Indian romantic drama television series

Manpasand Ki Shaadi is an Indian Hindi-language television drama romantic series that aired on 11 August 2025 to 28 November 2025 on Colors TV and streams digitally on JioHotstar. It produced by Sooraj Barjatya under Rajshri Productions. It stars Esha Suryawanshi, Akshun Mahajan and Akshit Sukhija.

==Plot==
Arohi Shinde is a Marathi girl and lives in hostel of Indore due to her study. Her parents want to get her married off with Sagar. But she never wants to marry him because she believes that Sagar isn't correct for her. Her father Rajaram gives her a month to find a perfect boy. Now she is looking for a boy who everyone will say is not just the son-in-law of this house, but also the son. For this, Arohi posts her photo in a matrimonial site with the help of her friend Ritika. Her profile is chosen by Abhishek Dewan who is from a powerful family. His mother Anuradha likes Arohi as she is also Marathi. But one day, when Arohi goes to meet her another friend Atharva, Abhishek insults her in drunkard. At this, she becomes angry and slaps him. That's why, Abhishek decides to take revenge from her. So, he frames Arohi in a false case.
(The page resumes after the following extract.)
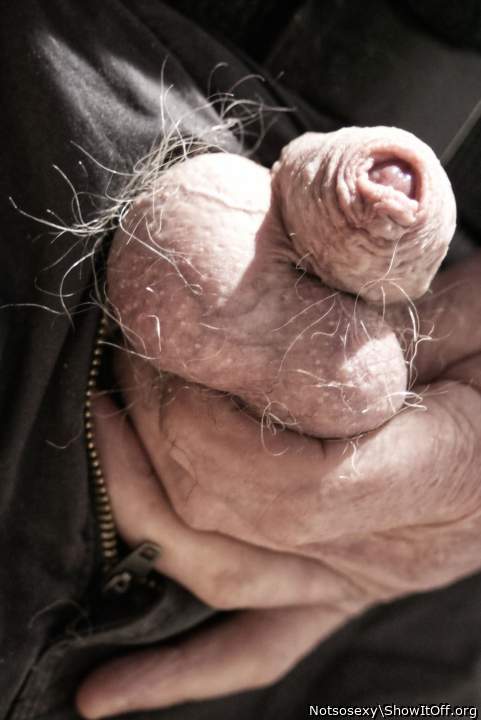 very exciting, tight balls and a wrinkled foreskin covering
However, with the help of her Matron Devika, she proves herself innocent.
Later the two fall in love and get married and live happily ever after.

== Cast ==
=== Main ===
- Esha Suryawanshi as Arohi Dewan (nee Shinde) : Sharda and Rajaram's daughter; Abhishek's wife
- Akshun Mahajan / Akshit Sukhija as Abhishek Dewan : Kailashnath and Anuradha's son; Aarohi's husband

=== Recurring===
- Aditi Shetty as Parineeta
- Milind Gawali as Rajaram Shinde
- Suchitra Bandekar as Sharda Shinde
- Sameer Vijayan as Mr. Shinde
- Swati Deval as Savita Shinde
- Iravati Nadguda as Bharti
- Abhijeet Kelkar as Vilas
- Prince Kazim as Jinku
- Avinash Wadhawan as Kailashnath Dewan
- Gungun Uprari as Anuradha Dewan
- Sailessh Gulabani as Kundan Dewan
- Shilpa Tulaskar as Sarojini Dewan
- Sandhya Gemawat as Kanika Dewan
- Ankit Narang as Sagar
- Rishabh Shukla as Ghanshyam
- Unknown as Ritika
- Unknown as Atharva
- Jaswinder Gardner as Devika Dewan

== Productions ==
=== Development ===
In August 2025, Colors TV announced a new series titled Manpasand Ki Shaadi.

=== Casting ===
Sailessh Gulabani was roped in the show, playing Kundan Dewan. In October 2025, Akshun Mahajan who playing Abhishek Dewan quit the show and replaced by Akshit Sukhija.